I mean this sort of tongue in cheek as Harvard clearly has many of the country’s leading economists, but what kind of economics are they teaching at Harvard these days?   Instead of extending the same tax preference to the 20+MM Americans covered by individual insurance, he prefers raising taxes on 160MM workers and their employers.  And, I wonder if he is sensitive to claims that such payroll taxes are regressive, that they will add to “income inequality,” that they negatively impact middle-class two income earners – since individuals earning in excess of $127,000 a year would pay taxes at only a 1.45% rate on the value of their health coverage while those who earn less than $127,000 in FICA wages would be paying taxes at a 7.65% rate on the value of their health coverage.  

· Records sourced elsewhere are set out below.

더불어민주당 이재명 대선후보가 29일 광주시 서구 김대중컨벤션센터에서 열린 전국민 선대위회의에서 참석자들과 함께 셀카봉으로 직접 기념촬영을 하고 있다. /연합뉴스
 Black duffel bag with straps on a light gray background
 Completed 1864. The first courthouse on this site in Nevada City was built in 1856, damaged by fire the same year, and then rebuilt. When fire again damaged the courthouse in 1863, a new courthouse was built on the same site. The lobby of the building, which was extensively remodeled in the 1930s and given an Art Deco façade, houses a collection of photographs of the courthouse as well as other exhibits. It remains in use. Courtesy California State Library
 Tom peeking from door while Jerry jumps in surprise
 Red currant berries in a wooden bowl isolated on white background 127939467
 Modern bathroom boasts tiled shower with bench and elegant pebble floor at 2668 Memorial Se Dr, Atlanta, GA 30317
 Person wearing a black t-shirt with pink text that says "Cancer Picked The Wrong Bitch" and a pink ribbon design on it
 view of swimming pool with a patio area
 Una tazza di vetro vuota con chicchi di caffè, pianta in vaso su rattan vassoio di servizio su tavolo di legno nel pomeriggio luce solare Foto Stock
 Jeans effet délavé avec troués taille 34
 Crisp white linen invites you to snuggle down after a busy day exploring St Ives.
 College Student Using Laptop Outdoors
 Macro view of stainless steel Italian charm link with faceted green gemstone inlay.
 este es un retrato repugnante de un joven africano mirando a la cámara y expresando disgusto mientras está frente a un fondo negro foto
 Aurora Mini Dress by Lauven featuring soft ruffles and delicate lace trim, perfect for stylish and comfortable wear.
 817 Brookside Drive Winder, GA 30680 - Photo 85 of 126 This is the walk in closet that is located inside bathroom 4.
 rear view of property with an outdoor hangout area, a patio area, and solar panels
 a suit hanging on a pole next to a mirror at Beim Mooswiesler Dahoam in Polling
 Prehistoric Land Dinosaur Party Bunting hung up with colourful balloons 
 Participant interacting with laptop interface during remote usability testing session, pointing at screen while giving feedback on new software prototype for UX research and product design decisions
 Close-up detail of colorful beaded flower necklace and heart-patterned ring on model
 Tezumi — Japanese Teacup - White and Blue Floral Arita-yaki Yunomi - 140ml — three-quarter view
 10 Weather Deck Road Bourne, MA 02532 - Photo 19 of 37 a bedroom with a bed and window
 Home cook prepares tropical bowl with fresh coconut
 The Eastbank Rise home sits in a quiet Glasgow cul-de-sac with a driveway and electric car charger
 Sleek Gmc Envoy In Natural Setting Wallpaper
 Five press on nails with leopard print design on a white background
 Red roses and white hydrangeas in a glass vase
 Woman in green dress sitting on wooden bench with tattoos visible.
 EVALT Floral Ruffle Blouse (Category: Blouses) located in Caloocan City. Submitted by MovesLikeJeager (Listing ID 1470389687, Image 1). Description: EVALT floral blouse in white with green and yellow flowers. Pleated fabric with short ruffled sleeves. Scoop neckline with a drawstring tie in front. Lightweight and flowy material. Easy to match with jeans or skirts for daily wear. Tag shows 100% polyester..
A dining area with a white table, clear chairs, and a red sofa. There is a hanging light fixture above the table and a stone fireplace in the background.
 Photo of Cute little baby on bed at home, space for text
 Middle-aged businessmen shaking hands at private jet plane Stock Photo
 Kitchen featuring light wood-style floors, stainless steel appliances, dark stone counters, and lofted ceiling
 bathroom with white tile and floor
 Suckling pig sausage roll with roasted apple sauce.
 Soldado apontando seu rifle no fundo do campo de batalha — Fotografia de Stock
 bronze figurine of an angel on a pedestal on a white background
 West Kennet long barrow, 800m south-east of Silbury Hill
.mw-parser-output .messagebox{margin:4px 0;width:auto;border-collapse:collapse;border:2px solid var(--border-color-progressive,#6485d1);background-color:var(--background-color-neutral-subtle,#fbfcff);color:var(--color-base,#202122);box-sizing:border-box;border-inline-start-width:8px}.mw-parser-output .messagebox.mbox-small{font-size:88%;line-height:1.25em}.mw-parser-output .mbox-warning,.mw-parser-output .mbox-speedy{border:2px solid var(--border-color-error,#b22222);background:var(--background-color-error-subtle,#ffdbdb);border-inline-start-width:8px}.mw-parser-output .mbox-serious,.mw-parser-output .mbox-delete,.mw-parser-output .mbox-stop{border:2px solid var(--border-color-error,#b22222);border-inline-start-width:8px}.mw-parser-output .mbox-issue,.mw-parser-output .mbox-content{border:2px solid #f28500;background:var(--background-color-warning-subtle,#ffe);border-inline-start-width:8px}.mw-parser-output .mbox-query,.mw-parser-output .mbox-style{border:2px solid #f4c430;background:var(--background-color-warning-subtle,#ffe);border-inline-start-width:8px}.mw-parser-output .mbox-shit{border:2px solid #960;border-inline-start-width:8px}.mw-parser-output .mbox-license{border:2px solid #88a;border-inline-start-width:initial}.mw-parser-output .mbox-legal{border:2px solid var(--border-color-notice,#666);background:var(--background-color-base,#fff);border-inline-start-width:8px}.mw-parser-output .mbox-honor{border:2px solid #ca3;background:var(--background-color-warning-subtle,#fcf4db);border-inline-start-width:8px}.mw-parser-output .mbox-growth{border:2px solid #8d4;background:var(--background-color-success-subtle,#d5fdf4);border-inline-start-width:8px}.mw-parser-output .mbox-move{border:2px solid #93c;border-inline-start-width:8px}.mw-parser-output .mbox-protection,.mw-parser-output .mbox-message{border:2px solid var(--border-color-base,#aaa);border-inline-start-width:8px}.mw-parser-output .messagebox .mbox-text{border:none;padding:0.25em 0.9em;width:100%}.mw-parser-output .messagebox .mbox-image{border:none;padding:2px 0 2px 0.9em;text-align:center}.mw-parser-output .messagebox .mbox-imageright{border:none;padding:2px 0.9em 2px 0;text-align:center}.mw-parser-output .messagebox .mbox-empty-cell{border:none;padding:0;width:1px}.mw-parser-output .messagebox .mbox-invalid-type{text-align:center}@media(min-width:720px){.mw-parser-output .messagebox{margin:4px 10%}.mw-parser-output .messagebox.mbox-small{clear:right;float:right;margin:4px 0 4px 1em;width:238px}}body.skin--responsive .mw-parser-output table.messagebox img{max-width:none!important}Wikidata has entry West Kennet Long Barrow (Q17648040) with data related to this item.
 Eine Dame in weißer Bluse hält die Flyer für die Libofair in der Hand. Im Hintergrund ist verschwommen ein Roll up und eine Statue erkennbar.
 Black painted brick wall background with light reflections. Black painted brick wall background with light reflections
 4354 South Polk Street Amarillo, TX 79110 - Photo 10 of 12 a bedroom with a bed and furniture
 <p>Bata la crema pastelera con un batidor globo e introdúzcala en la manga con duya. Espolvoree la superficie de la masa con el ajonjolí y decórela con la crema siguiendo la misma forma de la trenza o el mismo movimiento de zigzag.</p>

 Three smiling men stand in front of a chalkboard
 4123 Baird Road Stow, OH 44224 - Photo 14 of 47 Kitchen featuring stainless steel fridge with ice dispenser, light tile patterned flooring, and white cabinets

Additionally, this is not the only form of employee compensation that is not subject to payroll taxes.  They have yet to apply those employment taxes to the employer contribution to your 401(k) or your defined benefit pension plan.  If health coverage contributions (pre-tax cafeteria plan and employer contributions) are now to be counted as wages for FICA and FICA-Med taxes, can employer contributions to your 401(k) and defined benefit pension be far behind?    

They pulled a similar trick with 401(k) plans subjecting pre-tax contributions to FICA and FICA-MED taxes as part of the Social Security Amendments Act of 1983 – where SEC. 324. (a)(1) amended Section 3121 of the Internal Revenue Code of 1954 (relating to definitions) by including as “wages” “…  any employer contribution under a qualified cash or deferred arrangement (as defined in section 401(k)).”  Making the same change for 401(k) plans didn’t “save” Social Security and Medicare back in 1983…  a similar change won’t be any more successful today.  

We need creative ways to reach for the stars and we need to make a giant leap for American Workers retirement.